This morning I was over at Guido Fawkes via Pat Nurse and came across this little campaign for a free and unregulated blogosphere. In the opposing corner, there are a bunch of over-hyped luvvies lobbying for regulation and censorship. So long as it isn’t their views being censored of course. Privacy, and the right of voicing opinion is something only they can have, and not for the hoi polloi. So long as it is an opinion they agree with, by their own slippery and shifting standards. These are the people laying foundations for the dystopias I write about. The “Do as I say – not as I do.” pundits. The people who wear their hypocrisies like a second skin, so much so that perhaps they may not realise what they are doing. Or perhaps they do. I can only guess.
Censorship stifles the voices of the many and puts too much power into the hands of a self-selected few. It disenfranchises and opens the way for gross evils that have dumped their ugly ink splodges on the narrative of history. Indeed, history is all the poorer for this.
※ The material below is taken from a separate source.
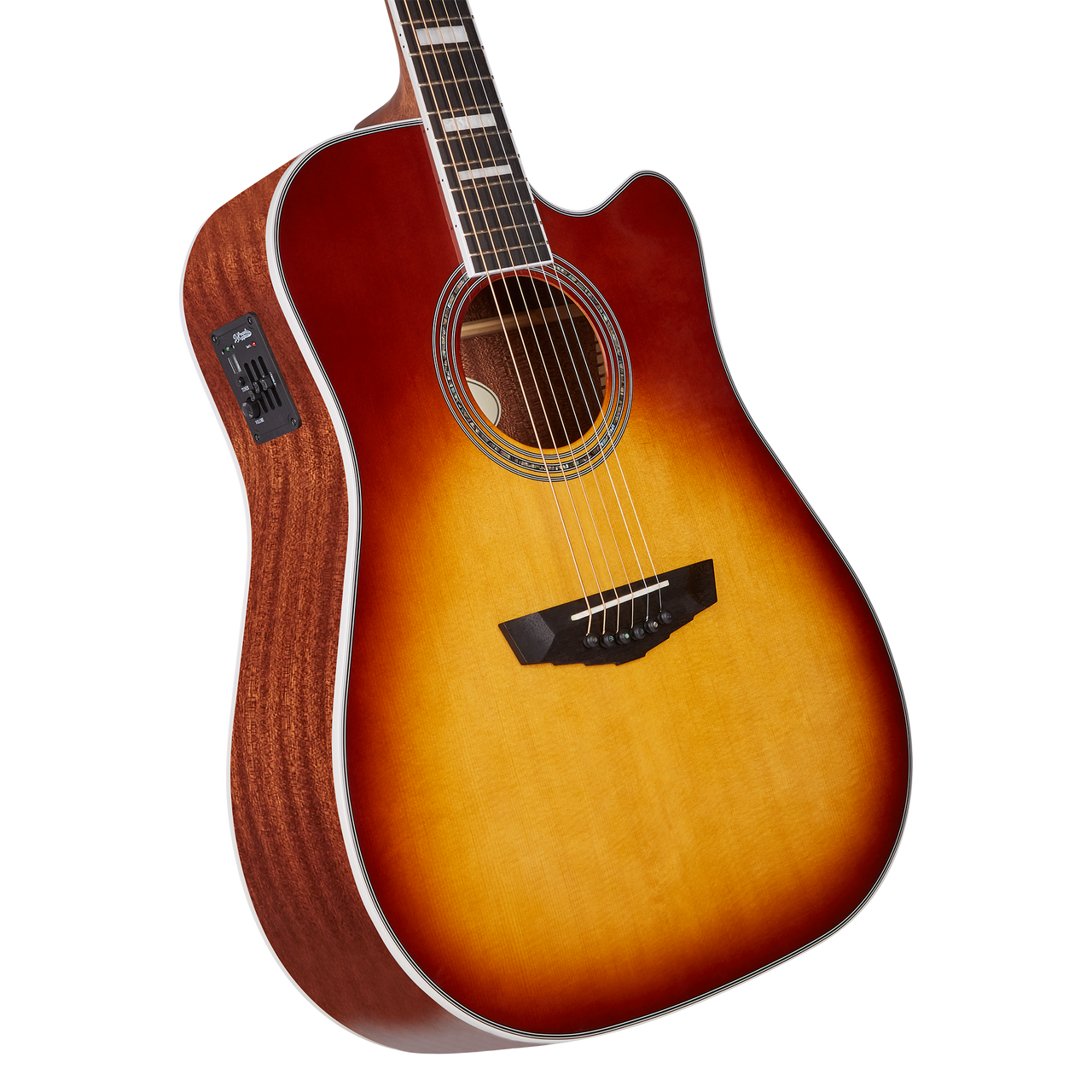 The DÃ¢â‚¬â„¢Angelico Bowery Dreadnought CE (DAPD500ITBAPS) features a full-size dreadnought body with a cutaway for enhanced upper-fret access. Its Iced Tea Burst finish adds vintage character and stage-ready visual appeal. With strong projection, warm acoustic tone, and quality electronics, i-s ideal for live performers, singer-songwriters, and players seeking a bold, reliable acoustic-electric guitar.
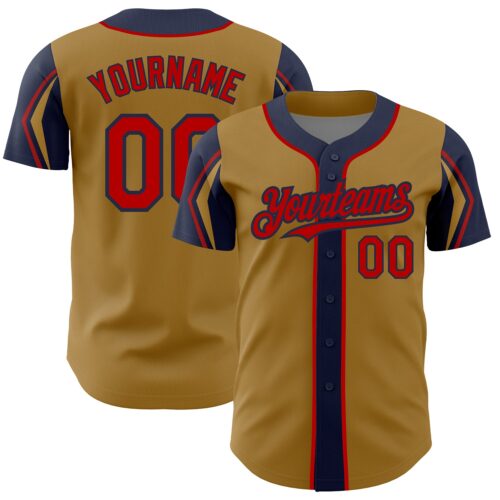 ArmShapes0289 Custom Old Gold Red-Navy 3 Colors Arm Shapes Authentic Baseball Jersey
Like the angry Roman Soldier who murdered Archimedes in Syracuse, a voice stifled because “You can’t say that” is a conversation stillborn. Information lost until another mind dares to walk an untrodden path. Culturally, suppression impoverishes. Spam filters notwithstanding.
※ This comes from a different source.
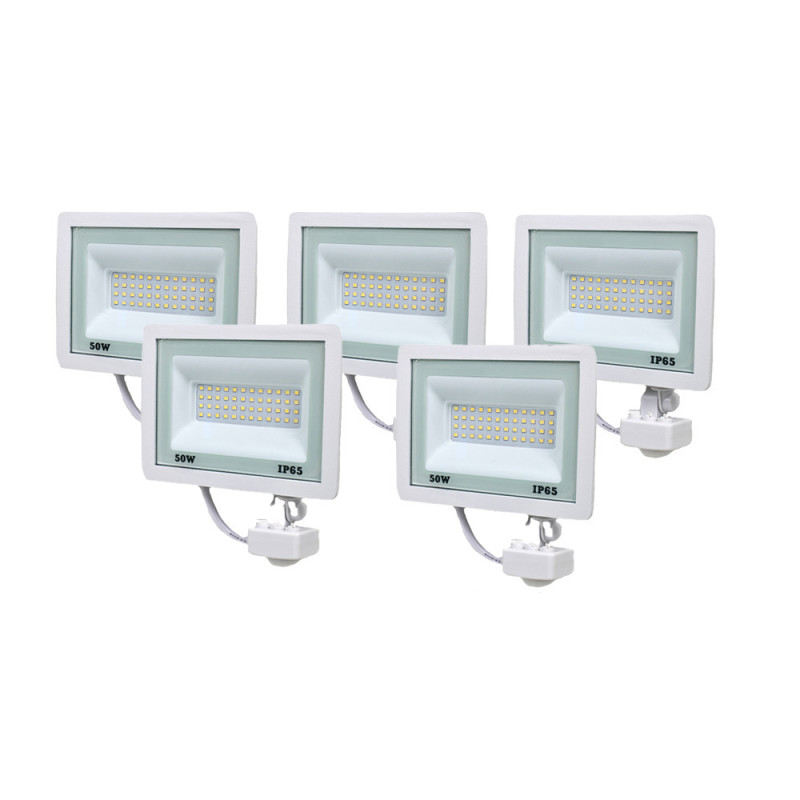 Купити Комплект із 5 світлодіодних прожекторів Lightwell 50W з датчиком руху (LW-FL-W-50-S). Системи безпеки для дому та офісу. Магазин RG-Group. Системи відеонагляду та охоронні сигналізації. Продаж та послуги встановлення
Free speech may mean the tinfoil hat brigade are let loose, barging into civilised discourse like an infinite number of hypothetical Bulls in an infinite number of Porcelain emporia, spraying virtual spittle on all and sundry, but for all that, they’re mostly harmless. Pat them on the head, smile politely and move on. Conversation is like mining, you have to shift a lot of overburden to get to the real ore. Process tons of Pitchblende to extract an ounce of Radium. So it is with communication. Stifling it serves no purpose apart from protecting the thin skinned and pompous. The least harm would be done if they left well enough alone. Not that my opinion counts, I’m just another voice in the crowd trying to make sense of it all.
For my own part I’ve been busy of late, breaking all my own rules about creative writing; haven’t penned a word in weeks. Mainly because domesticity has been raising its ever present head and saying things like “What about doing your taxes?”, “What about getting a new job?”, “What about buying a plot of land and building?”, “What about booking our trip to England this year?” and “You’re spending too much time researching – it’s time we went out.” What with a shifting shift pattern and everything else, I’ve dried up completely.